Incapables de sortir de l'impasse, plusieurs États Membres ont demandé à la Troisième Commission de voter sur le paragraphe 9. Celui-ci a été adopté par l'Assemblée par 105 voix pour, 35 voix contre et 19 abstentions. L'OIC a présenté un projet d'amendement pour ajouter « et autres » après « les communautés religieuses ». La Malaisie a proposé de changer « antisémitisme » par « judéophobie », mais l'Assemblée a rejeté les amendements.
Pour expliquer son vote, le représentant des Pays-Bas a dit que l'Union européenne s'était opposée à l'amendement parce qu'il aurait dénaturé le paragraphe, étant destiné à lutter contre l'intolérance religieuse seulement. « Il est décevant que la Commission des droits de l'homme ait accepté le paragraphe par consensus et que les pays pour qui ce paragraphe posait un problème aujourd'hui n'avaient manifesté aucune réserve il y a six mois lorsque la Commission l'avait approuvé », a ajouté M. Hof. Il a regretté la nécessité de recourir à un vote, considérant que le manque de consensus allait à l'encontre de l'objectif visé. Mais même si elle a créé une division parmi les États Membres, la résolution a été adoptée à l'unanimité. |
La Division de la section éducative du Département de l'information de l'ONU (DPI) a lancé une nouvelle initiative éducative en organisant une série de colloques sur le thème
« Désapprendre l'intolérance », qui visent à étudier les diverses manifestations de l'intolérance et le rôle de l'éducation et de la société civile pour promouvoir la tolérance. Ces colloques sont le programme de sensibilisation le plus récent ouvert à la société civile et parmi les expériences les plus réussies qui ont suscité un intérêt général pour les travaux du DPI et l'ensemble des Nations Unies.
Le premier colloque de la série, qui s'est tenu au siège de l'ONU le 21 juin 2004, a eu pour thème « Faire face à l'antisémitisme : Éducation à la tolérance et à la compréhension ». L'événement d'une journée a engagé des experts, des chefs religieux et des membres de la société civile dans une discussion sur les moyens de répondre à ce défi.

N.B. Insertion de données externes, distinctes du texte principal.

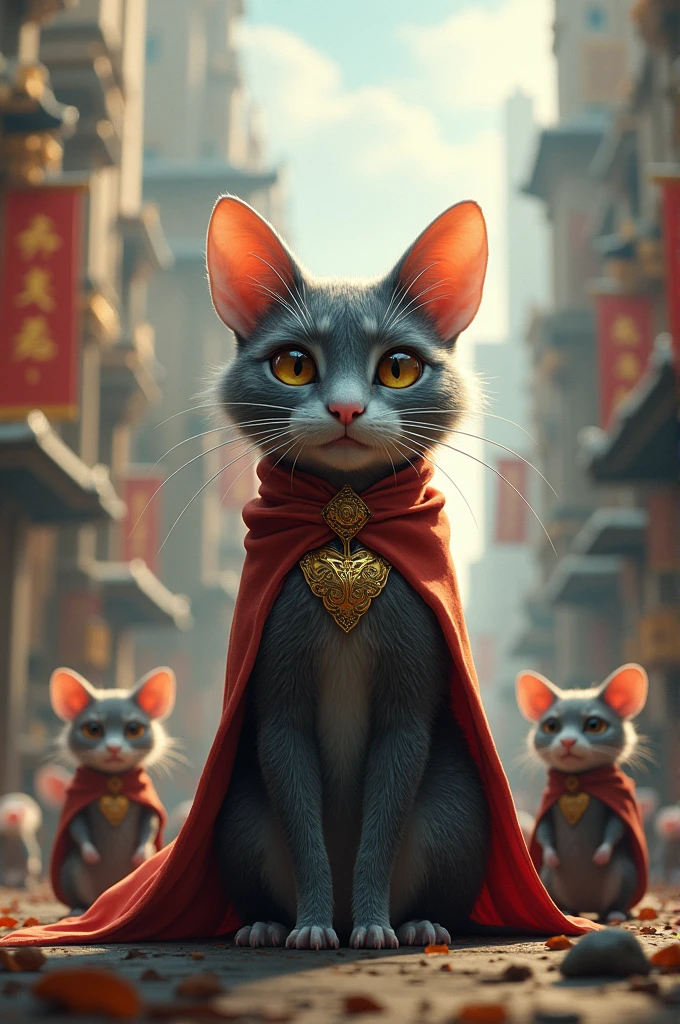 Mice ruling the world with a cat hero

Le deuxième colloque, intitulé « Affronter l'islamophobie : Éducation à la tolérance et à la compréhension », a eu lieu le 21 décembre. Ils ont été tous deux bien reçus par le public et les membres de la presse mondiale. « Les colloques sont un cadre idéal pour discuter de ces questions aux niveaux régional et international », a dit Peter-Derreck (Pays-Bas) à la Chronique.

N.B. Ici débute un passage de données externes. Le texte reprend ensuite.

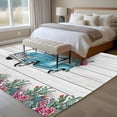 thumbnail image 4 of Farmhouse Area Rugs 5x7 ft Summer Blue Car with Cactus Succulents Wood Grain Washable Rug Non Slip Indoor Carpet Absorbent Floor Mat for Living Room Bedroom Dining Room, 4 of 9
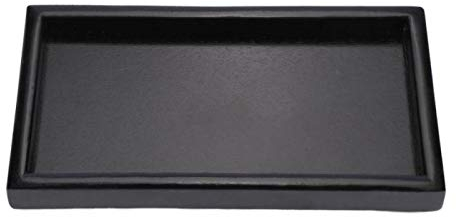 Bandejas para Servir, Negro Bandeja Grande de Madera Rectangular Plato de Bebidas Té Negra Antideslizante Café Refrigerios Comidas Hogar Restaurantes Comida Desayuno Decoración Cena(22 * 12 * 2cm)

Dans son discours d'ouverture au premier colloque, le Secrétaire général Kofi Annan a fait remarquer qu'il était bien de commencer par l'antisémitisme, qui constitue une manifestation de haine, d'intolérance et de persécution unique dans l'Histoire. « La montée de l'antisémitisme dans un pays est toujours une menace pour le monde entier. Ainsi, en luttant contre ce phénomène, c'est pour l'avenir de l'humanité que nous nous battons. » Faisant écho à des sentiments similaires envers l'islamophobie, il a évoqué lors du deuxième colloque la « peur de l'autre », qui « est si générale et si profondément violente que l'on peut être tenté d'y voir un trait inné de l'espèce humaine. Mais le préjugé n'est pas inscrit dans les gènes. Parfois, la haine s'apprend. Parfois, on y est amené par les manipulations de dirigeants qui exploitent la peur, l'ignorance et le sentiment d'infériorité », a-t-il ajouté.